**Aim of the task:** Beneath this instruction is a block of data; output from it exactly the lines that run from the one containing "ELF apartments - Imola - 7" through the one containing "Lena Isely Photography - Event Photography Near Me Lena", inclusive.

Start of Extracted information

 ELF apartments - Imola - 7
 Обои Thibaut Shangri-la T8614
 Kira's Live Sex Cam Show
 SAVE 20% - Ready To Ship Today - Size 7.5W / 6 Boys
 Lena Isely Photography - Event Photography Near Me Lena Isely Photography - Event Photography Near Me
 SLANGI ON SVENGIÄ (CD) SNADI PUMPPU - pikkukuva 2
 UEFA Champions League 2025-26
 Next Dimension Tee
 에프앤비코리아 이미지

End of Extracted information
Start of Extracted information

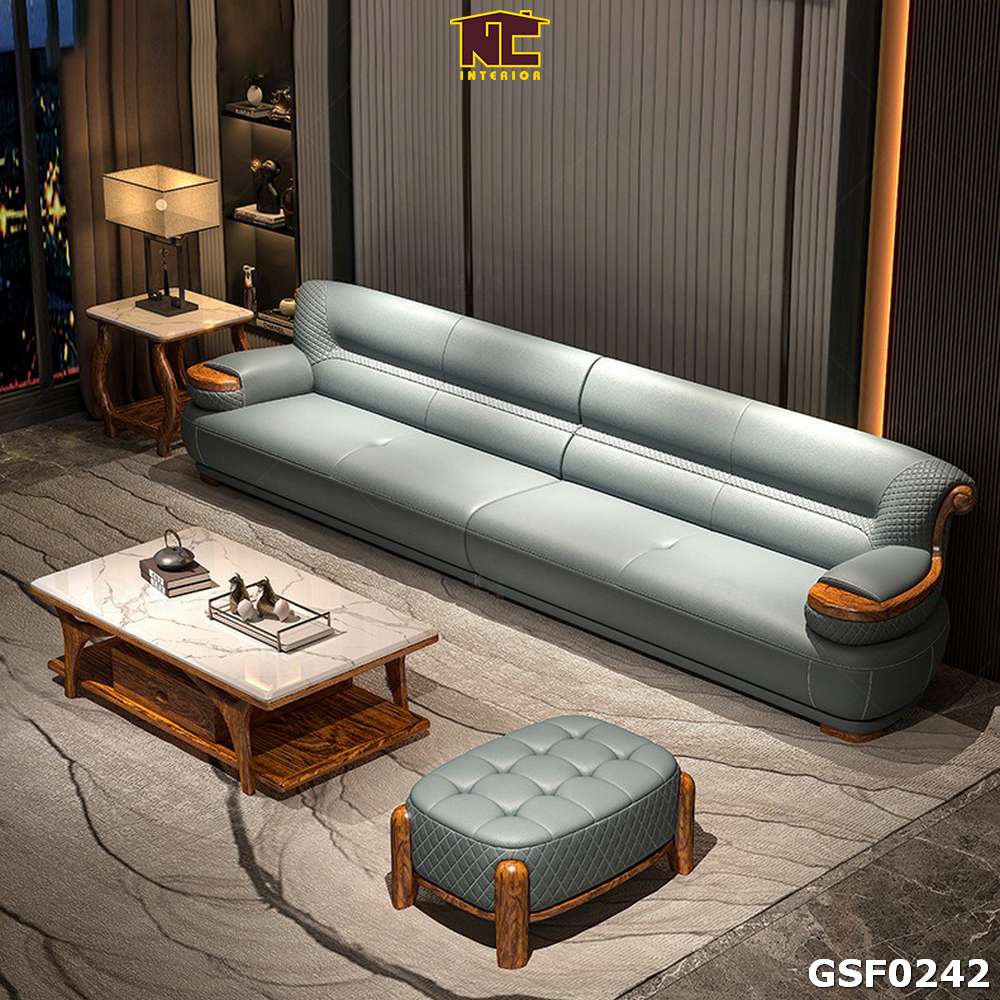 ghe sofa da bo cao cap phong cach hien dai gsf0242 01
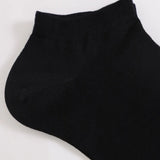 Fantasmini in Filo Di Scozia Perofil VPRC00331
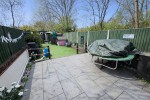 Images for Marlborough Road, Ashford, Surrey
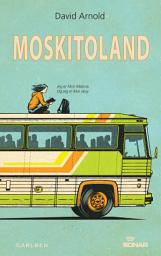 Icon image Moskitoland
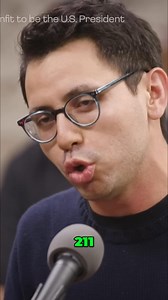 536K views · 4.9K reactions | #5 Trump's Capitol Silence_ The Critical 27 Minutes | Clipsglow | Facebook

End of Extracted information

**The answer:**
 ELF apartments - Imola - 7
 Обои Thibaut Shangri-la T8614
 Kira's Live Sex Cam Show
 SAVE 20% - Ready To Ship Today - Size 7.5W / 6 Boys
 Lena Isely Photography - Event Photography Near Me Lena Isely Photography - Event Photography Near Me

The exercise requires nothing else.